Please repeat exactly the lines from the one containing "22 K Yellow" to the end of the entries below, both included, and omit all pictures.

> DATA FOR THIS EXERCISE
>>>>>
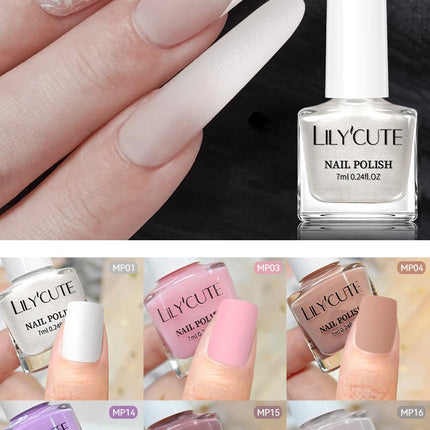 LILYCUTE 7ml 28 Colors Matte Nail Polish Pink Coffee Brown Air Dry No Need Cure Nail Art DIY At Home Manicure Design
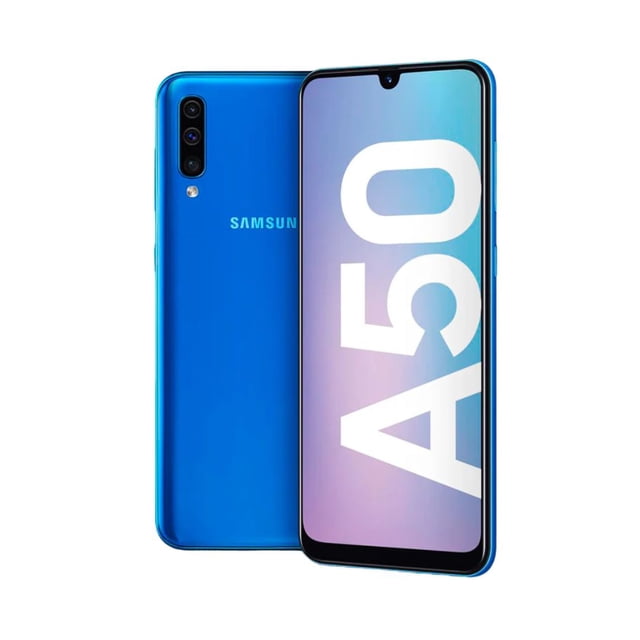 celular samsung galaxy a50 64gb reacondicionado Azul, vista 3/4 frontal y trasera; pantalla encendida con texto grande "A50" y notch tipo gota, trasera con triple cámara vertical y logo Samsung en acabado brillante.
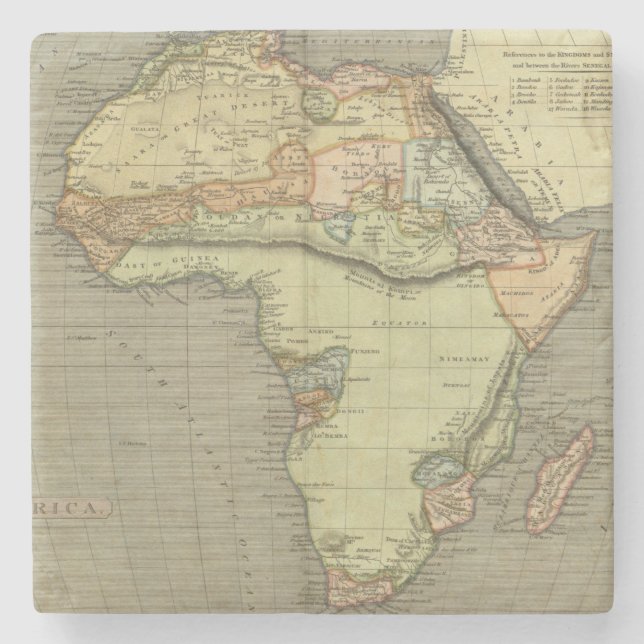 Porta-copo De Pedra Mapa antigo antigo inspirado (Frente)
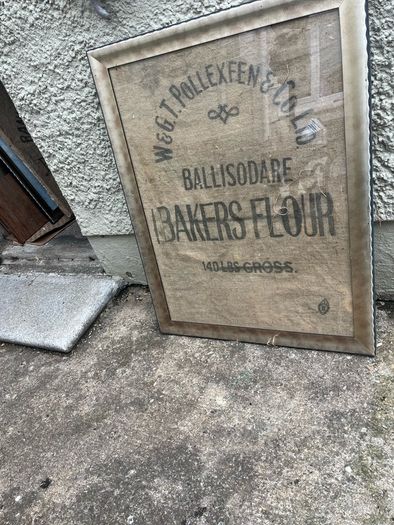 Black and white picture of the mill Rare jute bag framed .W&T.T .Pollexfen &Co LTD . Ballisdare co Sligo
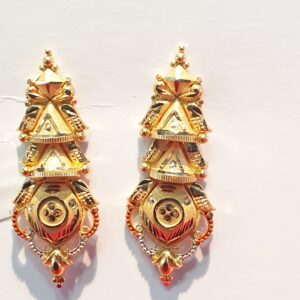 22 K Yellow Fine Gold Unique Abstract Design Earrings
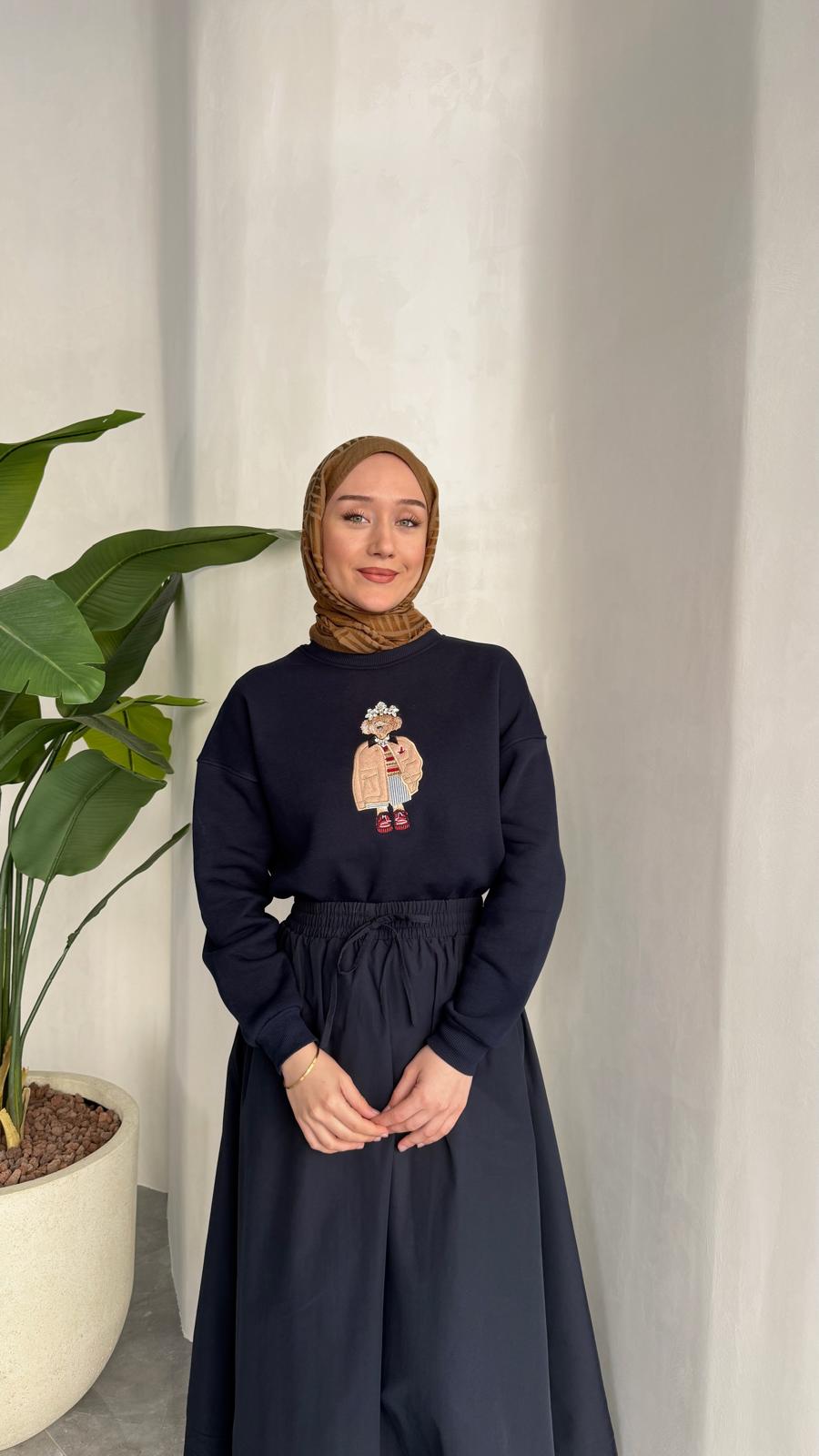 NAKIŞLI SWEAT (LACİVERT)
<<<<<
> SOLUTION FOR THIS EXERCISE
 22 K Yellow Fine Gold Unique Abstract Design Earrings
 NAKIŞLI SWEAT (LACİVERT)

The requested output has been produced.